Muir, who has a bachelor’s degree in industrial engineering from the University of Tennessee, Knoxville, is advised by Leo and Louise Benatar Early Career Professor and Associate Professor Alejandro Toriello. Muir has been interested in optimization problems since taking high school calculus, and he is examining dynamic versions of common discrete optimization problems. His specific application is with online server scheduling.
Online scheduling is an issue for companies such as Amazon (AWS), Microsoft (Azure), and IBM (Cloud), which run large computing resources that customers can request and make use of.
Online scheduling comes into play as the companies determine how to most efficiently use their resources, which means making decisions about accepting or rejecting jobs, and determining the order in which to run them.
“This is server scheduling in which you only have partial information regarding, for example, when jobs will come in. So you have to either accept or reject scheduling decisions on the fly,” Muir said. “The question is how to do that in an optimal way that maximizes the expected return on running the server.”

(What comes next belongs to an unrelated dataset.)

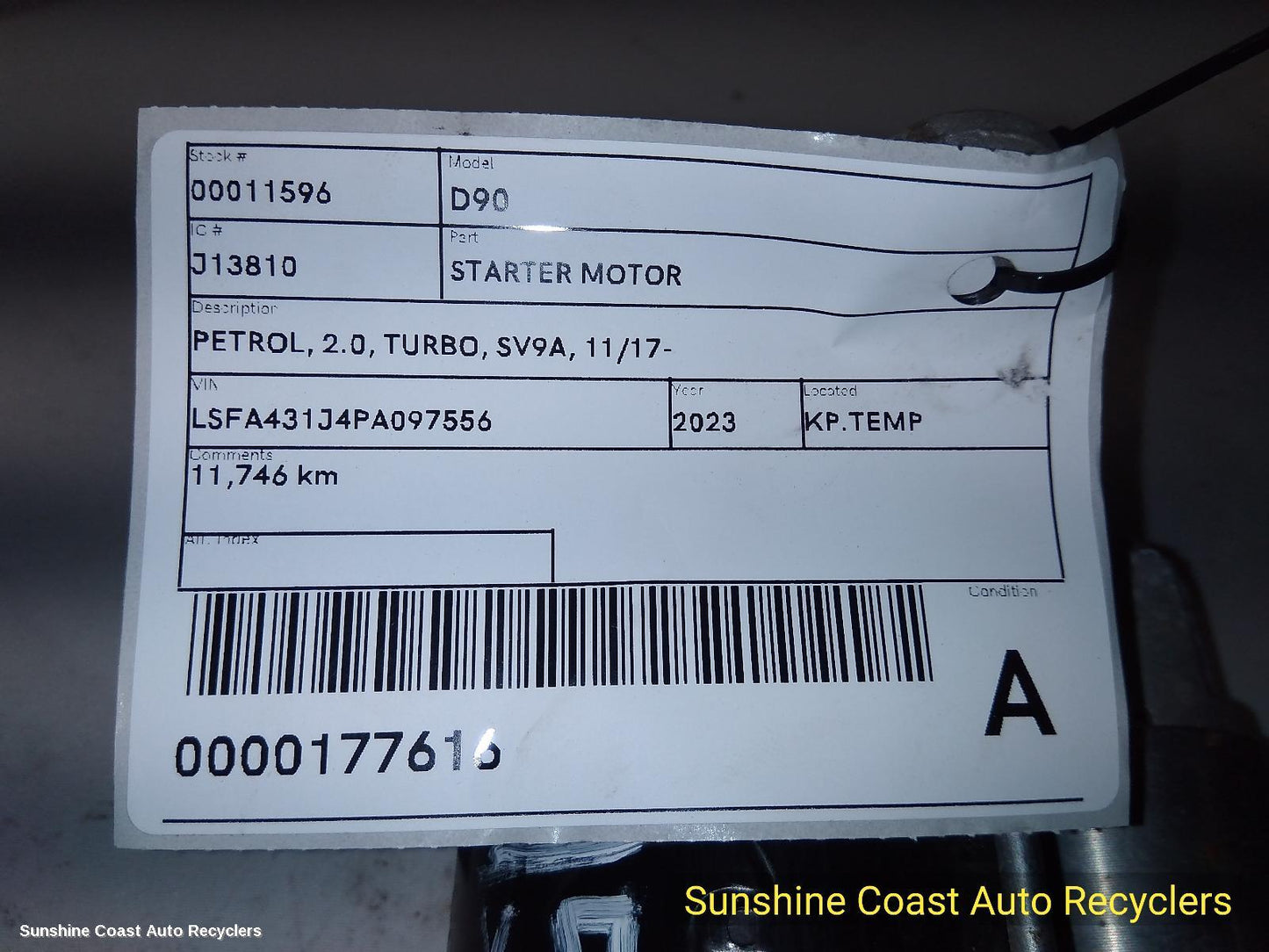 2023 Ldv D90 Starter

“I am delighted that Chris has been awarded an NSF GRF,” said Toriello. “His work on the online independent set problem and its applications in online scheduling is in many ways an ideal topic for him. The model is fundamental in our field and underlies many complex decision problems, and many current applications require actions to be taken with only partial information in small fractions of a second -- for example, scheduling computing resources in the cloud. Chris has quite a bit of relevant research experience, especially his work on the deterministic independent set problem with his undergrad mentor at UT, Associate Professor Jim Ostrowski.

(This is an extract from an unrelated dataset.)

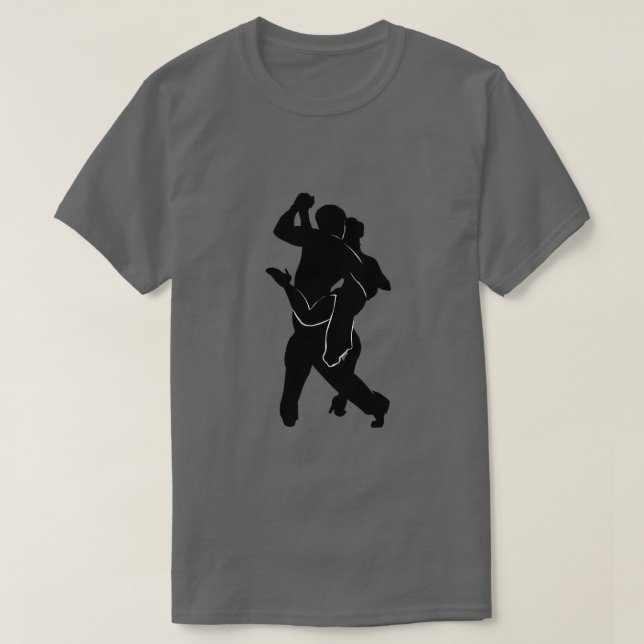 Tango Dancer Couple T-Shirt - Your Color (Design Front)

“We already have some interesting and unexpected results after only a few months, and the support from the NSF will allow Chris to continue his promising work in the area over the course of his doctoral studies,” Toriello added.

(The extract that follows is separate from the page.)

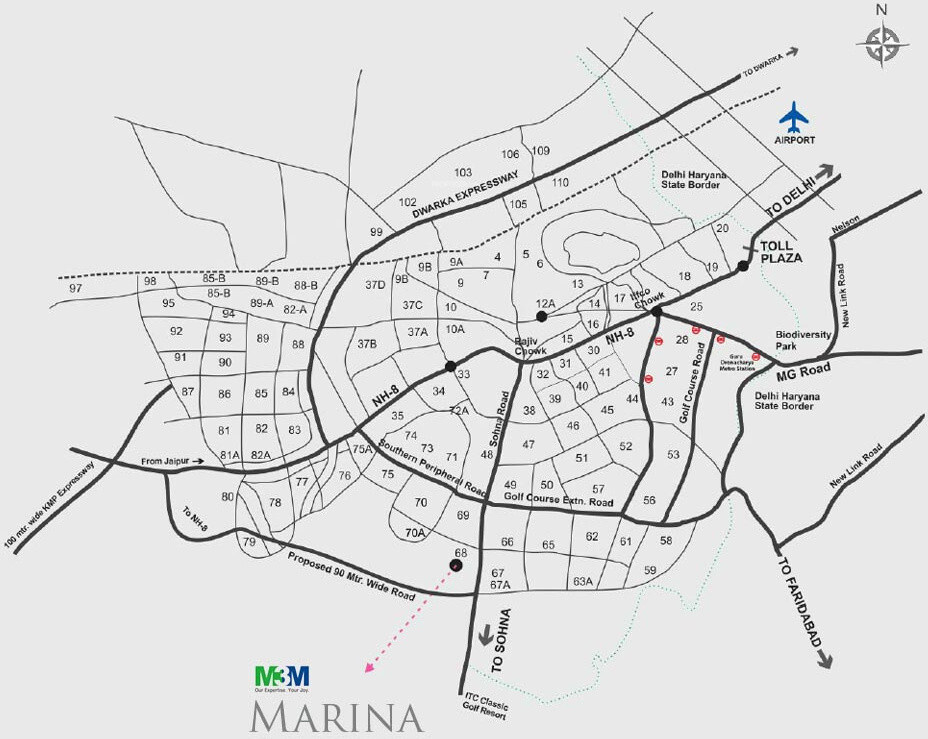 marina Location Plan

Another Keskinocak advisee, first-year Ph.D. student Hannah Wilborn, received an honorable mention from the NSF GRF program. Wilborn is studying optimal strategies for restoring damaged systems of interdependent infrastructure networks following a disruptive event such as a natural disaster. She hopes to develop general results for complex network improvement problems like these.
Established in 1951, the NSF GRF Program recognizes and supports outstanding graduate students in NSF-supported STEM disciplines who are pursuing research-based graduate degrees at accredited U.S. institutions. Fellows receive a three-year annual stipend of $34,000, along with a $12,000 cost of education allowance for tuition and fees (paid to the institution), opportunities for international research and professional development, and the freedom to conduct their own research at any accredited U.S. institution of graduate education they choose.